* _Work instructions_: A single number is required: the count of lines in the following entries that include the word "Leather".

(Exercise material begins)

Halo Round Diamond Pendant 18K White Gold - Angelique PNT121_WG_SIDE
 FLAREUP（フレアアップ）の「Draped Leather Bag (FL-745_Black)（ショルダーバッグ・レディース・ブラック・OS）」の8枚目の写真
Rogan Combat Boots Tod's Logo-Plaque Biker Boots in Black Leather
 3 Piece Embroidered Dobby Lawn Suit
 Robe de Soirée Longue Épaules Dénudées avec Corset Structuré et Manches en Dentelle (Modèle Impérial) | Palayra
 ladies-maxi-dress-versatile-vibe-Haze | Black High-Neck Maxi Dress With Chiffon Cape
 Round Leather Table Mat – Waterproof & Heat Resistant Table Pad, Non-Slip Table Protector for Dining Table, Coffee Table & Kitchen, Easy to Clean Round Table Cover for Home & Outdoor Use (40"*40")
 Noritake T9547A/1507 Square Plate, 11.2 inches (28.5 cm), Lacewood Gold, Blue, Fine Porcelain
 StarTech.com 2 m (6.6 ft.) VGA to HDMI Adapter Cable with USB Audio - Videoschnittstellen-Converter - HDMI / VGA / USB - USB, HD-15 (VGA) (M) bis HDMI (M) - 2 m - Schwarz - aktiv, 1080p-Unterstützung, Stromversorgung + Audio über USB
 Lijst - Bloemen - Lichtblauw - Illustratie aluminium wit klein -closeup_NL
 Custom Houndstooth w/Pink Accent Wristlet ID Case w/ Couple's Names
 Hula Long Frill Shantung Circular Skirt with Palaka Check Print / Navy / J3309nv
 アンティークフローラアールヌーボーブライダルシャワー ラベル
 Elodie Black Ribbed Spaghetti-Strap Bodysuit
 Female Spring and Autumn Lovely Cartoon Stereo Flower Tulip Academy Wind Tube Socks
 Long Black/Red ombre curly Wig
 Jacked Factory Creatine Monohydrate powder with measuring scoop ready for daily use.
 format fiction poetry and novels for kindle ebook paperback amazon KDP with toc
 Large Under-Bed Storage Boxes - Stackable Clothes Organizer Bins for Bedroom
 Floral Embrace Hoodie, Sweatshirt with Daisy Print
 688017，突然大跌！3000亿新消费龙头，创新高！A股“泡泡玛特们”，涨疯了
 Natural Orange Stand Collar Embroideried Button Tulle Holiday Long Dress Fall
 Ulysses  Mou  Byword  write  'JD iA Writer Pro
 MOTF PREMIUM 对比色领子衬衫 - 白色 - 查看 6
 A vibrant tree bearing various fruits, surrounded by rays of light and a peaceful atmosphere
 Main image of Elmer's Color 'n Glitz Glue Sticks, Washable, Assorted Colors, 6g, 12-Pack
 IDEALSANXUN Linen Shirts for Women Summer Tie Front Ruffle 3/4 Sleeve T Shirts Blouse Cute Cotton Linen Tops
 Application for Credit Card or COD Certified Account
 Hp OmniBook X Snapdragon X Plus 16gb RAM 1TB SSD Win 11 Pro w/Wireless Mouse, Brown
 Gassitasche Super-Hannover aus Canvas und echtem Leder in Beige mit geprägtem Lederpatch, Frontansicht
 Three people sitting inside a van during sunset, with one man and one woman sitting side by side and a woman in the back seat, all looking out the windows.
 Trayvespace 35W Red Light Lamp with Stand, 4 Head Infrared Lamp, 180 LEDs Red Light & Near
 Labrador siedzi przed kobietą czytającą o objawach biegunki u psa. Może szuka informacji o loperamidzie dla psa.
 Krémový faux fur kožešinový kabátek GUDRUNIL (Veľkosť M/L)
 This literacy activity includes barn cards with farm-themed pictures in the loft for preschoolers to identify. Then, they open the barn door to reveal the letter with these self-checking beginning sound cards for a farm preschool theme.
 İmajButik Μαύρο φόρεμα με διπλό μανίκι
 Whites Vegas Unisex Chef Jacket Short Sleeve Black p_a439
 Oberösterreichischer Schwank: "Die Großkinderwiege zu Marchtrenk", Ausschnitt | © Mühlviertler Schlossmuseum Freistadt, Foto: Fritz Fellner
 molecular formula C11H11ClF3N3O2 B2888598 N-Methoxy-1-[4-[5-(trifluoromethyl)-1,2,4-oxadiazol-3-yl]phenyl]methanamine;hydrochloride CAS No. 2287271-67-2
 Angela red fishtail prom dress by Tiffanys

(Exercise material ends)

* _Task answer_: 3